Any one of a number of bacteria can be responsible for this horrible disease. Streptococcus pyogenes is the most common, but species of Staphylococcus, Klebsiella, and Aeromonas are often implicated.
In fact, it was a specific case of A. hydrophila infection that caught the attention of Colwell and her colleagues. The team genetically screened the microbes from necrotic tissues in an immunocompromised patient, finding the two distinct lineages at fault.
Their discovery of how the two strains get the job done builds on previous work. In earlier studies of the samples of isolated microbe, researchers found neither of the strains – simply referred to as NF1 and NF2 – could give rise to a nasty infection all on their own. But combined, their individual abilities to either seek or destroy made them a formidable duo.
The clues to their collaboration seemed to lie in the kinds of genes each strain possessed. The researchers found that NF1 had a unique type of secretion system, for example, which helped the agent gain an edge over other bacteria and survive immune attacks more readily.
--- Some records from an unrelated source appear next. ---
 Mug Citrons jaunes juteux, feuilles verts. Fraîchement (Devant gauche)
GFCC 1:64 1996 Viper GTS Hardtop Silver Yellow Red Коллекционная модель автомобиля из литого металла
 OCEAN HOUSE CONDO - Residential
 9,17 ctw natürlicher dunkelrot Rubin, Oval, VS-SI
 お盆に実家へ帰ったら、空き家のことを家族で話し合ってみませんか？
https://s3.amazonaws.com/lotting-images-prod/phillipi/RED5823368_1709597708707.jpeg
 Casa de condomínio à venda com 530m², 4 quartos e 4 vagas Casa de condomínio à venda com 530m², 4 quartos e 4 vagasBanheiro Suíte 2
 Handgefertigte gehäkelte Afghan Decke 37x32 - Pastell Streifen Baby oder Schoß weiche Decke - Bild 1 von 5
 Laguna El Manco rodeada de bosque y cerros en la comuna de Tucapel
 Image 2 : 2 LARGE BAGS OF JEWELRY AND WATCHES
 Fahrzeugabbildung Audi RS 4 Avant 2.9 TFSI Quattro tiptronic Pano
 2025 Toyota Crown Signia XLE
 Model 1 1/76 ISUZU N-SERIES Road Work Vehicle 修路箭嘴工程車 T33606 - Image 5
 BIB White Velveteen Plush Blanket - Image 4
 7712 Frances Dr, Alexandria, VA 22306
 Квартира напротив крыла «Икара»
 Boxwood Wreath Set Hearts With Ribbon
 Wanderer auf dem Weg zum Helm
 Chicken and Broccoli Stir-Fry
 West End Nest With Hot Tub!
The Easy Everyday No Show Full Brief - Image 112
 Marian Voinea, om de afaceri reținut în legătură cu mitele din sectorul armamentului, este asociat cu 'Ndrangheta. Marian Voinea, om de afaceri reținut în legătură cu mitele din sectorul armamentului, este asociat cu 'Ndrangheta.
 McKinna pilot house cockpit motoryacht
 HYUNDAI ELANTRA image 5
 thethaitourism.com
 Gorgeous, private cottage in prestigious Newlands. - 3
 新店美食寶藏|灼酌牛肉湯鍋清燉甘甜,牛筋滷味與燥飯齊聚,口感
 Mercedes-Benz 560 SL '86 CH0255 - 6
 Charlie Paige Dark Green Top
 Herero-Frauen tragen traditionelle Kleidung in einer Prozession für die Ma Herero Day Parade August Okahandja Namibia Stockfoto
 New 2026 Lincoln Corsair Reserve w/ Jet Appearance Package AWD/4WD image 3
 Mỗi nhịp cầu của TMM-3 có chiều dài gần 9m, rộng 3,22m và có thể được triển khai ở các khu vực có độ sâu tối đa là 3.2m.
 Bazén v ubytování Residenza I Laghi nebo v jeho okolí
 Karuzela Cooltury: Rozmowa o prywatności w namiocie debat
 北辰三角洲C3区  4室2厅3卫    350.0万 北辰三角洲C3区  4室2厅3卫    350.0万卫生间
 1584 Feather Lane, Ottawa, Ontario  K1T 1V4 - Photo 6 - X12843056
While NF2 didn’t have this ability to wipe out competitors, it was instead armed with a toxin called exoA that switched off important gene-reading tasks inside our own cells, effectively killing them with a shot to the heart.
To get to the bottom of it, in this latest study researchers exchanged the genes between NF1 and NF2, making each act a little more like its team-mate instead of its usual self. These mutant strains were then tested on mice to trace their pathology.
The team discovered that the original, non-mutant NF1 strains couldn’t move very far once it entered a wound, lacking an ability to break down the surrounding flesh. Only once its buddy NF2 came along could it move, with the second strain liquefying tissue to clear a path.
To top things off, NF1 eventually knifed its team-mate in the back, injecting it with bacteria-murdering chemicals to ensure it could eat up all the resources by itself and stick around for longer, too.
Knowing exactly how each strain works could provide a path towards developing targeted drugs that ensure all strains are put out of action to fully treat the devastating infection.
Quick intervention through heavy-hitting doses of antibiotics and surgical removal of dead tissue is often vital if patient is to survive at all, but it only works if all traces of the infection are taken care of. Even then, survival can be as low as 66 percent, and patients are often left with severe deformities.
“We’re excited by this very elegant detective work,” says Colwell.
“We now have the ability through metagenomics to determine the individual infectious agents involved in polymicrobial infections. With these powerful new methods we can determine how microbes work together, whether they’re bacteria, viruses or parasites.”
This research was published in PNAS.